Directions for this task:
When copying the listing below, skip every picture and keep each word as it stands.

Information shown:
□ □ □ □
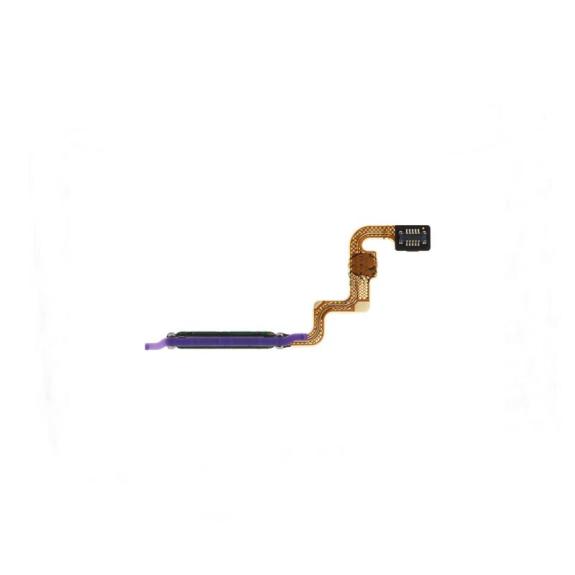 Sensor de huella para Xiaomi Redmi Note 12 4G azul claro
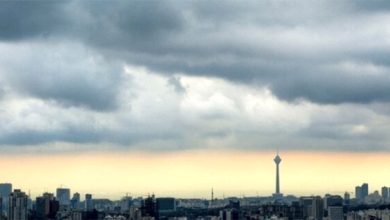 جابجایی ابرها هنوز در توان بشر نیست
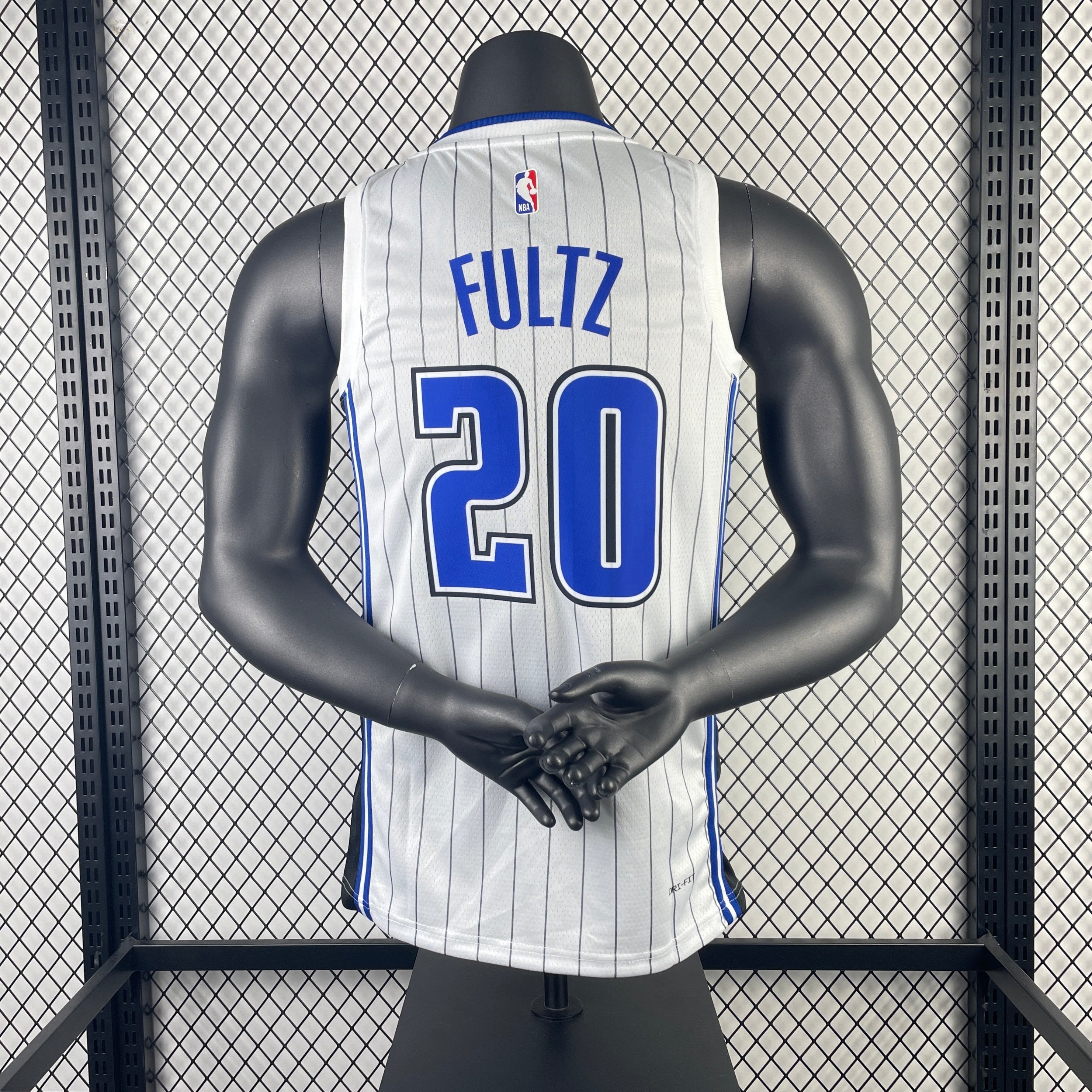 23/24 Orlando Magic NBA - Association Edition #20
□ □ □ □
Expected answer:
 Sensor de huella para Xiaomi Redmi Note 12 4G azul claro
 جابجایی ابرها هنوز در توان بشر نیست
 23/24 Orlando Magic NBA - Association Edition #20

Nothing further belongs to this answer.